是小红!是他!
尚善猛地睁开眼皮。
耳鸣声消失,尚善缓了半响才能视物!
眼前一切有片刻的陌生,她滞涩的脑子转了片刻才发现自己还身处车厢之内。车厢椅子都钉在天花板上,她眨了眨眼,反应过来自己被吊在了天花板上。
火车仍在往前行驶,她根本就没有掰开火车门,而是被月亮婴抓住融在了天花板上。
这节火车厢连接处,被月亮婴穿透了车顶,它严丝合缝地堵住了天光,从身躯里冒出莹莹的白光。
而尚善的下半身被它包裹住,只能看见个影子。
不远处狂奔来两个人,看来他们都从月亮婴的精神蛊惑中醒来了啊。
尚善以为自己是最早醒来的,现在看来她反倒是最晚的。她猜想自己从想要打开火车门时就陷入了怪物的精神蛊惑沉睡了去。
“教母!”小红狂奔过来,脸色白得像张纸,碰她的手指尖都在颤抖,“别担心,我救你出来。”
尚善往下半身看去,她伸手摸了摸,腰部往下被包裹在球中,温热的球体很安静,像死了一样。
尚善动了动自己的双腿,很温暖,被包裹在羊水当中一样,没有触碰到任何的物体。
这个时候她还有闲心开玩笑,朝着小红问道:“你猜猜把我从这里拔出来,是拔出来一截还是一半?”
小红唇上没有一点血色。
尚善这才收起笑,轻声道:“没事的,它要死了。”
“你没事最重要。”
小红定神,他用力将她从球体当中抱了出来,没有什么阻拦,只是顺着流下一些透明的液体,味道腥涩。尚善一落地腿软险些跪倒,小红跪下身半抱着去检查她的双腿,所幸一点事没有,只是脱力,扶着她站起来他才舒了一口气。
尚善:“没事,一点事都没有嘿嘿!”
他盯着尚善无所谓的笑脸,复又咬紧了牙:“你!你是半点不在乎自己嘛!”
尚善眼一瞪。这话说的,什么叫她不在乎自己。她正要辩解,被小红捂住了嘴。
小红:“我懒得听你胡扯!”
尚善:……娘的,这倔驴脾气随了谁的!
小红冷了脸色,对着一边的红皮衣少年道:
“所有人必须马上离开这里。一号爆炸之后会毁了整辆列车的,这节列车不能要了,必须从上一节那里断开。”

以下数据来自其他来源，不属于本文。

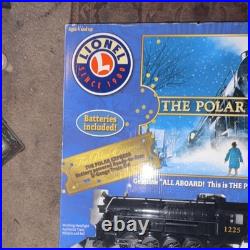 Lionel Polar Express Battery Powered G Gauge Starter Set with Track & Accessories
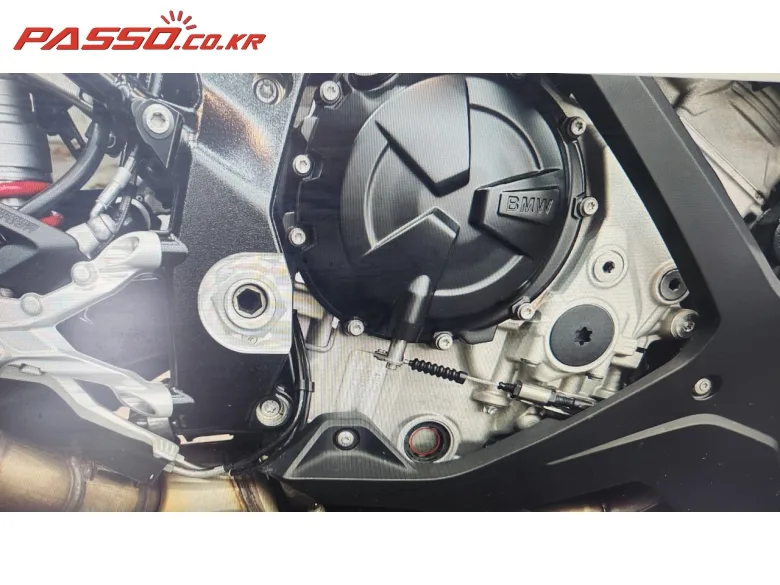 BMW S 1000 RR 2023 블랙 사진 5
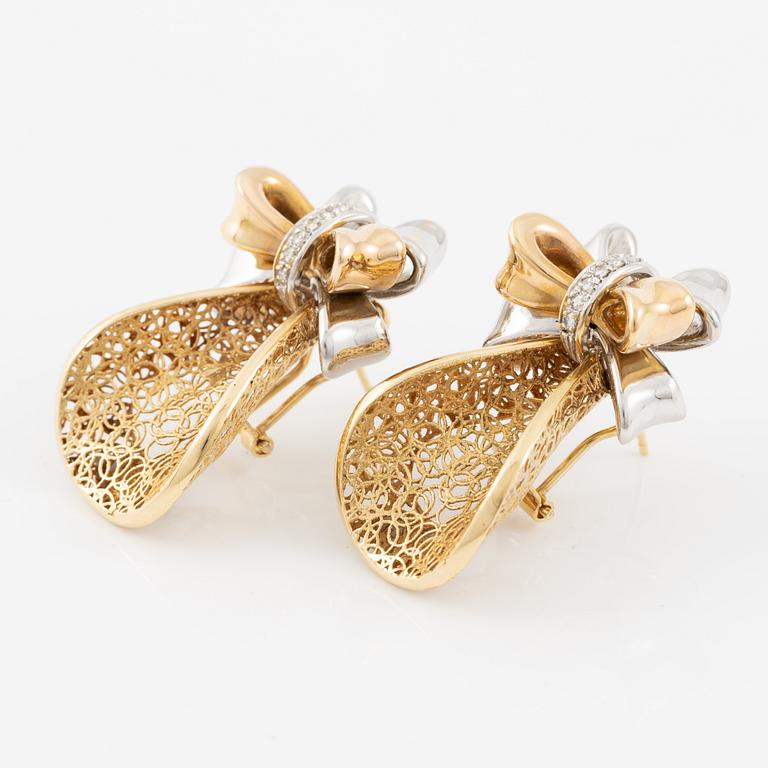 Demi parure, ring and earrings, 18K gold with brilliant-cut diamonds. Italy.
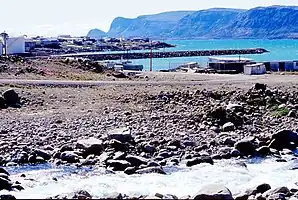 Blick vom Duval River auf Pangnirtung mit Schiffslände und Pangnirtung-Fjord
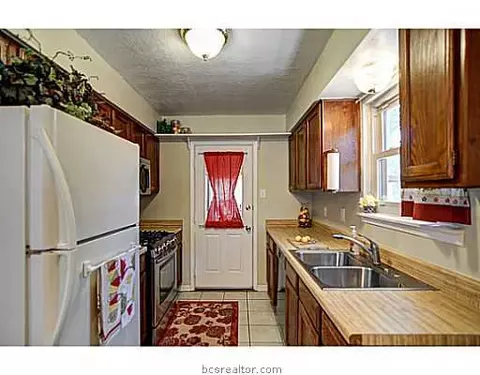 2116 La Brisa, Bryan, TX 77807 photo 4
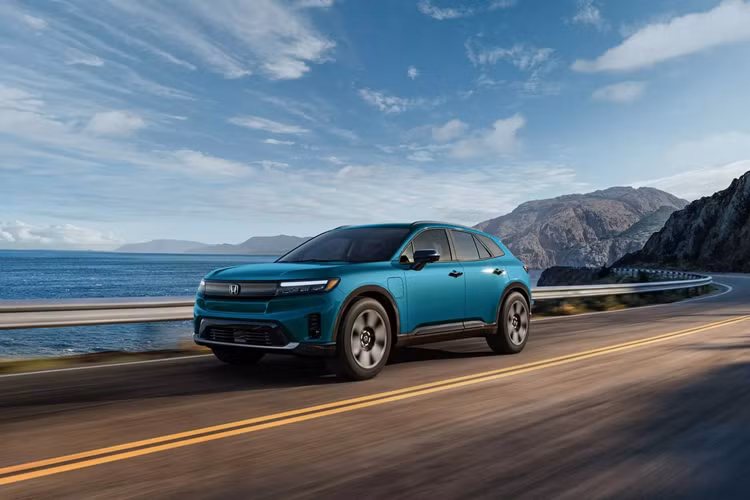 Lúc đó, mẫu SUV điện đầu tiên của Honda tại Mỹ này được hứa hẹn sẽ có giá dưới 50.000 USD (tương đương 1,235 tỷ đồng) đối với phiên bản tiêu chuẩn. Đến nay, hãng mới chính thức báo giá xe Honda Prologue 2024 chi tiết và kết quả còn tốt hơn mong đợi.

红皮衣少年点头,他砸了砸手电筒,手电筒闪了闪,将微弱的光撒在月亮婴上。
尚善出来的那道伤口缓缓愈合。
尚善这才真正看见月亮婴长什么样。她笑了下——是挺可怕的,像块烂肉。
“你是怎么杀死他的?”红皮衣少年问道。
尚善看着那渐渐灰白、没了生气的月亮婴,还没回答就被小红背起前往下一节车厢,所幸不说了。
月亮婴,是人类小孩,它的弱点很好琢磨。
就在三人要离开之时,从月亮婴中传出了微弱的一声呼唤。
“你能再叫我一声……乖宝宝吗?”
尚善连头都没回。
不叫。月亮婴不是单纯的受害者,它也是吃人的罪魁祸首。从来没有浪子回头金不换,更没有放下屠刀立地成佛,可怜与可恨并不冲突。
反倒是小红的脚步停顿了一下,又背着尚善立刻朝着下一节车厢移动。安置好尚善之后,他嘱咐红皮衣少年照顾尚善,自己拿着两包炸药返身回去。
离去前前,他看了一眼尚善疲惫的脸,蹲下身轻声问她:
“你会在这里等我吗?”
尚善翻了个身,小红眉眼低垂。
小红固执地盯着她的背影,伸手取了一缕银色的发,那发丝在他的指尖发着冷白的光。
他的脑海里翻滚着无数的问题:
为什么会是白发?神明也会老吗?这么多年你又去了哪里?为什么作为神明不回应信徒!是当初我做错了什么才离开的吗?还是说有其他新鲜的教子就不要我了?他们有我好吗?有我听话好玩、有我有趣吗?有吗!
“他是谁?”小红没头没脑地问了一句。
尚善转头给了一个莫名其妙的眼神。
“带瓶水回来。”她说。
男人的神情肉眼可见地温和了,嘴角勾起一抹笑,文质彬彬地应道:
“好。”
他这才离去。
小红走后,红皮衣少年悠哉游哉地甩着长生辫,俯身从座位下翻出瓶水。
“喂,喝水不?”
尚善正要接过去,被红皮衣少年一躲拿了个空。
“和我说说你怎么对付的一号那种怪物。”
尚善又躺了回去,她凝视着少年手里的辫花,嗤之以鼻。
尚善:我今天就是渴死!从这车上跳下去!我都不得喝你一口水!
“你想清楚,这车上很可能就这一瓶水,我拿我的祖宗十八代担保!后面车厢别说饮用水,连个盖子都不会剩下。”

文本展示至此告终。